I can only hope the story of Tolkien's first age will eventually unravel and the issues here presented will fade, allowing it to become something worth every minute. After all, as said before, never in history have art and the fantasy genre been as important. Never has such an effort been made for their graces. We who love fantasy would do well in remembering that the billionaire behind this show and the agendas that struggle for a crown over its glory or corpse are completely secondary. That as members of memetic societies we are bound to a future we create and that we can push our differences aside and demand, not that this art be political or not, but that it's good.
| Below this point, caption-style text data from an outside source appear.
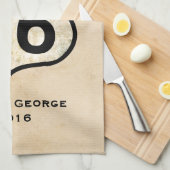 Weg 66 (kundengerecht) küchentuch (Viertel Falte)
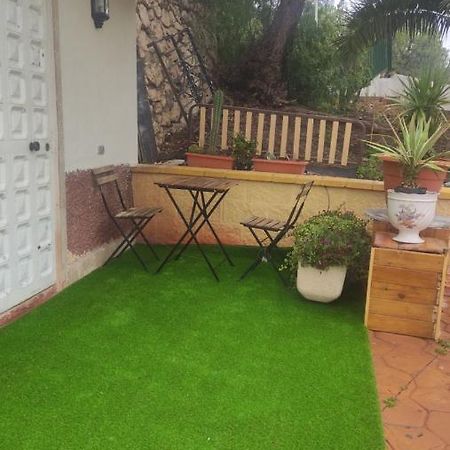 Casita Con Mirador Villa Málaga Eksteriør billede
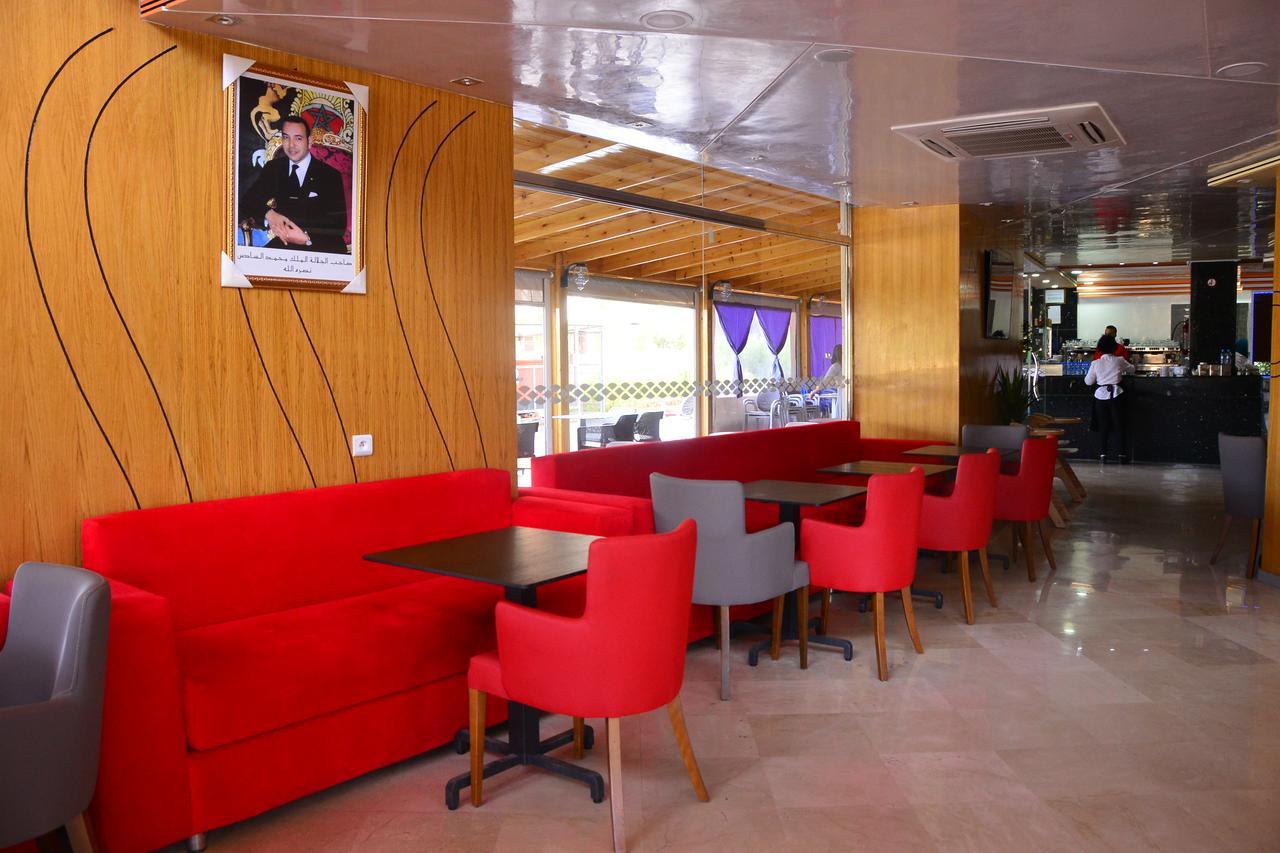 Hotel Hadaik Ain Asserdoune Beni Mellal Exterior foto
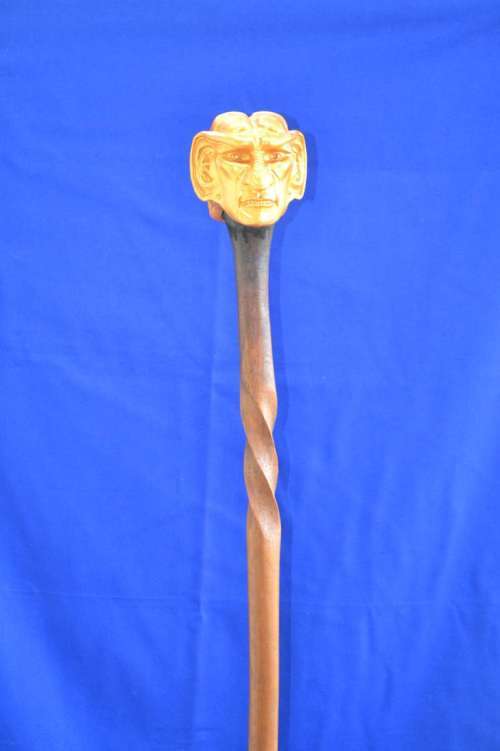 STAR TREK DS9 Grand Nagus Zek Staff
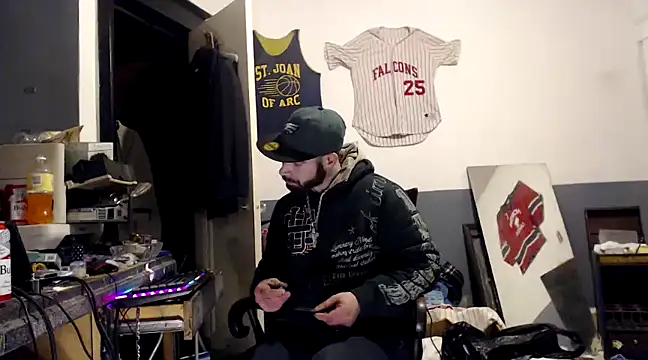 Snapshot of sledge901 chatting on February 2025 04:03:02 AM sledge901 online show from February 2025 04:03:02 AM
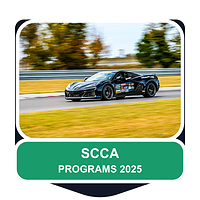 Өзара іс-қимыл SCCA 2025 Programs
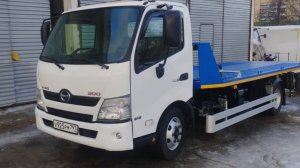 2012 Эвакуатор Хино 300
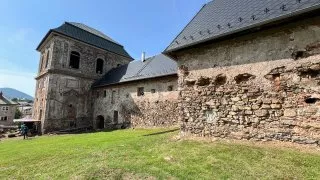 Trip Muránska planina, Jelšava a Železník
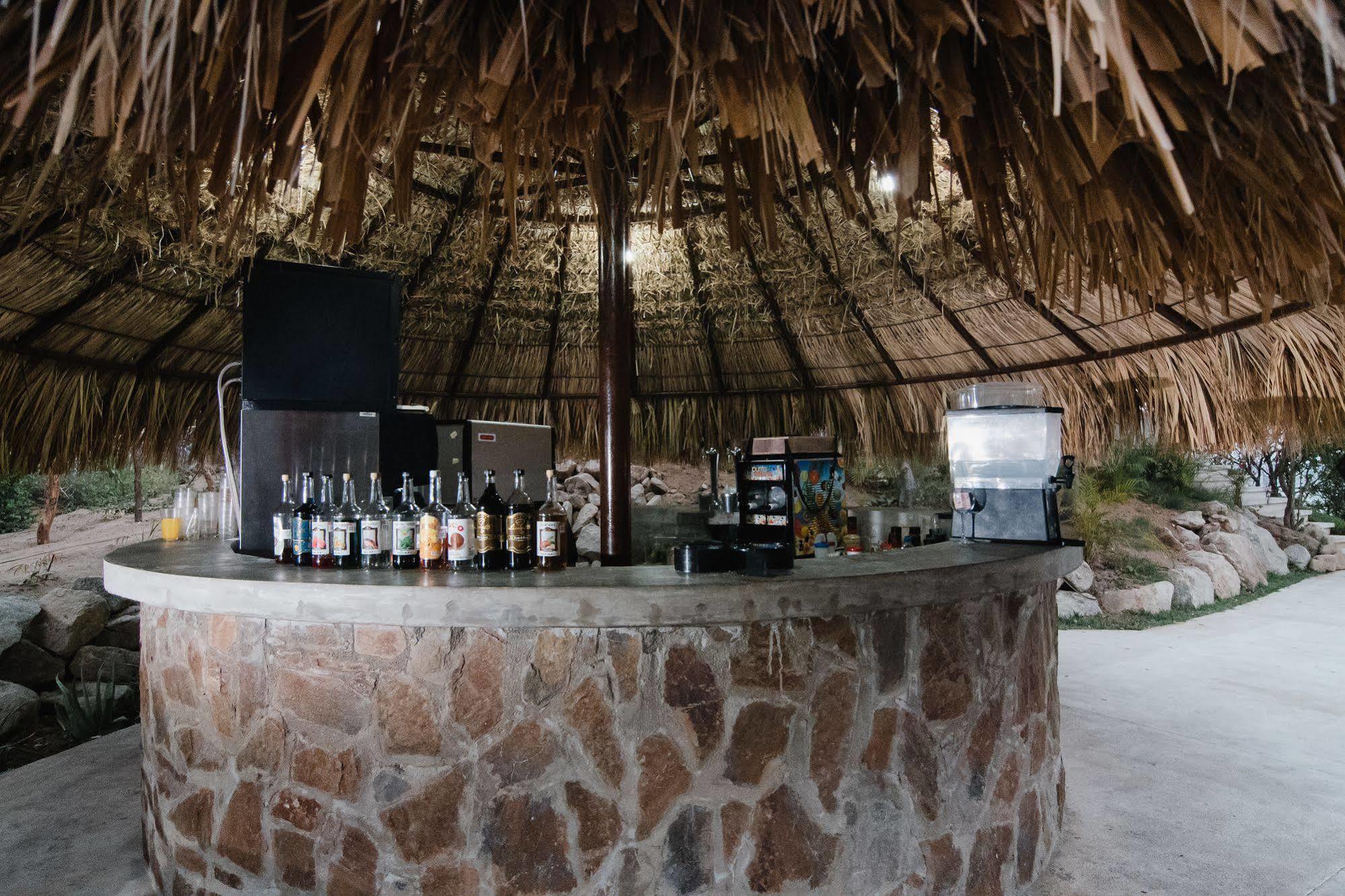 Tangolunda Isla Natura Beach Huatulco מראה חיצוני תמונה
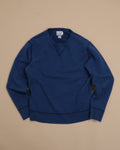 Indigo Jersey Sweatshirt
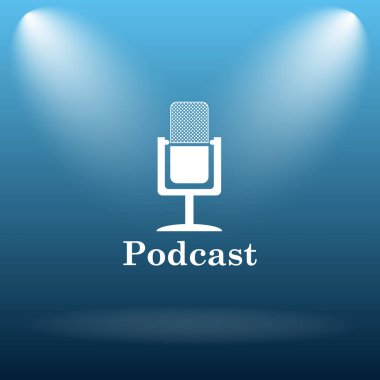 Podcast Simgesi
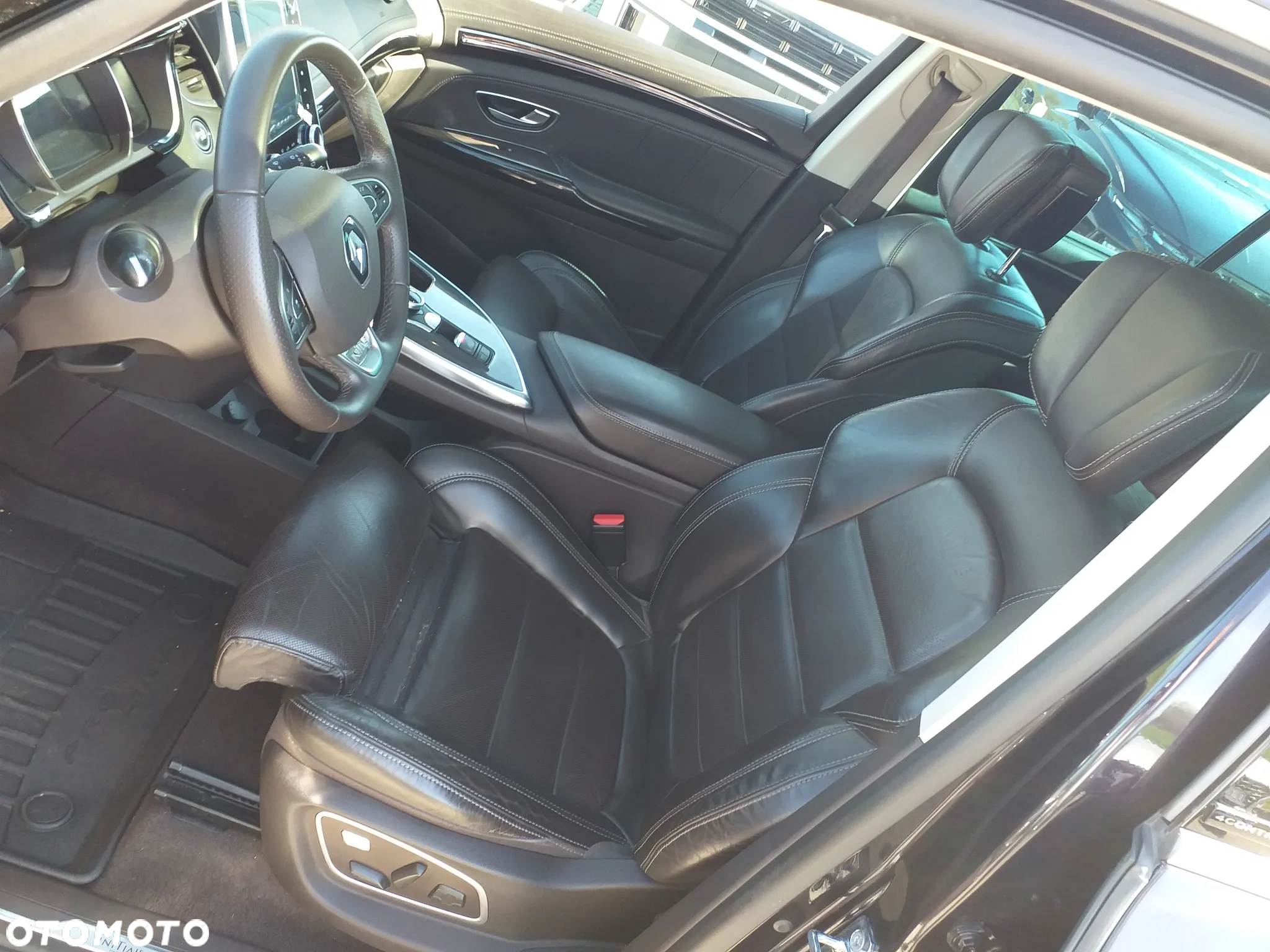 Renault Espace 1.6 TCE Initiale Paris EDC 7os - 10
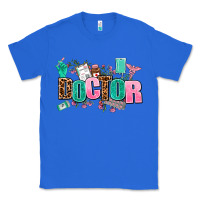 True Royal doctor Classic Tee - AdoDesignShop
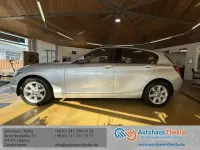 Gebraucht BMW 120 184 PS (135 kW) 2014 Silber Kleinwagen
That the story is well written and well told. That it takes us into a wondrous journey and makes us live on the edge of tears. Because a century from now the zeitgeist will change, but not the story told. Not the art itself. Fantasy needs this kind of heart, this kind of passion. If there's to be discussions about representation and POC elves, let them be secondary. If there's to be criticisms of billionaires and what they can do and should do, keep them in other places and moments. And if there's to be fantasy in our world, let it be for the glory of our kind, now and forever, for the guidance of our children and the elation of our spirits. Let it be as well told as we know we can tell them. Let them be art, so that beauty can continue to change our world for the better.